In a distributed computer system, you can only support two of the following guarantees:
- Consistency - Every read receives the most recent write or an error
- Availability - Every request receives a response, without guarantee that it contains the most recent version of the information
- Partition Tolerance - The system continues to operate despite arbitrary partitioning due to network failures
Networks aren't reliable, so you'll need to support partition tolerance. You'll need to make a software tradeoff between consistency and availability.
CP - consistency and partition tolerance Waiting for a response from the partitioned node might result in a timeout error. CP is a good choice if your business needs require atomic reads and writes.
AP - availability and partition tolerance Responses return the most readily available version of the data available on any node, which might not be the latest. Writes might take some time to propagate when the partition is resolved. AP is a good choice if the business needs to allow for eventual consistency or when the system needs to continue working despite external errors.
High Level Design (5 - 10 minutes)
- what to store/where to store
- Database schema
shortlink char(7) NOT NULL,
expiration_length_in_minutes int NOT NULL,
created_at datetime NOT NULL,
paste_path varchar(255) NOT NULL,
PRIMARY KEY(shortlink)
- Mention the NoSql type of the db first before mentioning dynamodb as an example
- Relational DB as a large hash table mapping the generated url to a file server
- Instead of managing a file server, we are using a managed object store such as Amazon S3 (strongly consistent noSQL) or NoSQL document store.
- APIs for Read/Write scenarios for crucial components
writePaste(content, expiration_length_in_minutes, created_at)
The write API server does the following a. generates a unique url
- checks if the url is uniquee by looking at the SQL database for a duplicate
- If the url is not unique, it generates another url
b. Saves to the SQL database pastes table c. Saves the paste data to the object store d. Returns the url
getPaste(short_link, paste_path=optional)
- The client sends a get pate request to the web server.
- The webserver forwards the request to the READ API server.
- The read API server does the following
a. checks if the short link exists in the db.
- if the url exists in the db, fetch the paste contents from the object store. else return an error message to the user.
- High level design for Read/Write scenario
DEEP DIVE [15-20 min]
- Reading 1MB sequentially from memory takes about 250 microseconds, while reading from SSD takes 4X and from disk takes 80x longer.
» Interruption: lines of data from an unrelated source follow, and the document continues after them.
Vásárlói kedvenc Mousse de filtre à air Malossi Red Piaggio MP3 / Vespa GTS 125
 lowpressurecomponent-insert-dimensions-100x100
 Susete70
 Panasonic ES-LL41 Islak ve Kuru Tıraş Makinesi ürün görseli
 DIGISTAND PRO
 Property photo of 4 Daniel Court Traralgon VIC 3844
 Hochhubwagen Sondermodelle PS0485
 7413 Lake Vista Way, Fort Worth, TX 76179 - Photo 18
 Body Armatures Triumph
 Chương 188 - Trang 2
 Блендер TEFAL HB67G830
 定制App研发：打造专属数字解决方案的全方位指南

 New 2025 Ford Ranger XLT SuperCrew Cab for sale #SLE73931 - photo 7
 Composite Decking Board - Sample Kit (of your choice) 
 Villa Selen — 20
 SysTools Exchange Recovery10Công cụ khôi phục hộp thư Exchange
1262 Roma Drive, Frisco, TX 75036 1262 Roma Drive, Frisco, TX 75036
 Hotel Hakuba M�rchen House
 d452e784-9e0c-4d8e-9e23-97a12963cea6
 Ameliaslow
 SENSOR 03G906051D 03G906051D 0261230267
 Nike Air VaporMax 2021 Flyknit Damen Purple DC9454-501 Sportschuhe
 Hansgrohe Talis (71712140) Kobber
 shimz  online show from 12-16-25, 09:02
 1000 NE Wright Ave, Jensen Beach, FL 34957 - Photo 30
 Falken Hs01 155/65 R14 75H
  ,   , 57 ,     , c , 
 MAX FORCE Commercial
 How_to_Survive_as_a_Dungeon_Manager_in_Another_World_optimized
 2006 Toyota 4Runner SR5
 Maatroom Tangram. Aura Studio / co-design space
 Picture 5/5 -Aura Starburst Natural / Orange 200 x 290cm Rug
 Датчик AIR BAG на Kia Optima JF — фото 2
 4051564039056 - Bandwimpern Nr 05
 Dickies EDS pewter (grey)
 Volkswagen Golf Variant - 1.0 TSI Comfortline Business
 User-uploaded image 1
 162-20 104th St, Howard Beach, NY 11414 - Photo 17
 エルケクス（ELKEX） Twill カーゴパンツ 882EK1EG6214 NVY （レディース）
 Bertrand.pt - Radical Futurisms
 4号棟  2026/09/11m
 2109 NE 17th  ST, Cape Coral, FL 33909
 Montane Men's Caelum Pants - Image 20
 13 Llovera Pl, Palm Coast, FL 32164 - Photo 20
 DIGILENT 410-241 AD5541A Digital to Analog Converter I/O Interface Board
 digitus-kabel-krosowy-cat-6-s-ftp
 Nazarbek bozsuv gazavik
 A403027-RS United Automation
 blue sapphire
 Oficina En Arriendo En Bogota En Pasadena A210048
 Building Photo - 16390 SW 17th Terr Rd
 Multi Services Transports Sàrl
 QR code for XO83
Vertical vs. Horizontal Scaling
--- | Pros | Cons |
---|---|---|
Vertical | Nothing changes about your db infrastructure. The difference is you have more CPUS, storage, memory. | 1. Instances with more processing power can be a lot more expensive. 2. The available configuration options from cloud providers might be limited. You may need only 10% more resources, but your option may be 50% more. 3. If scaling vertically requires migration between hardwares, it could result in downtime or service disruption. |
Horizontal | 1. More predictable increase in pricing. Adding additional machine is a predictable cost. 2. Infinitely scalable as you can always add another machine. | More below |
Sharding (Horizontal scaling)
e.g. Dividing the data into subsets based on the alphabetical order of shortlinks.
Pros | Cons |
---|---|
1. Improves system's fault tolerance and availability. No single point of failure. | 1. Needs to make sure data is evenly distributed across the shards. 2. There might be duplicate or loss of data. |
Data replication (Horizontal scaling)
- Master-slave replication: The master serves reads and writes, replicating writes to one or more slaves, which serve only reads. Slaves can also replicate to additional slaves like a tree structure. If the master goes offline, the system can continue to operate in read-only mode until a slave is promoted to a master or a new master is provisioned.
Pros | Cons |
---|---|
1. system availability and fault tolerance is greatly improved. all machines have the same database with the same data stored, the system can continue to operate without interruption. 2. data requests can be distributed across multiple machines, so it leads to improved performance. | Additional logic is needed to promote a slave to a master. |
- Master-master replication: Both masters serve reads and writes and coordinate with each other on writes. If either master goes down, the system can continue to operate with both reads and writes.
Cons |
---|
1. you need a load balancer to determine where to write. |
2. Most master-master systems are either loosely consistent (violating ACID) or have increased write latency due to synchronization. |
Disadvantages of Data replication
- There is a potential for loss of data if the master fails before any newly written data can be replicated to other nodes.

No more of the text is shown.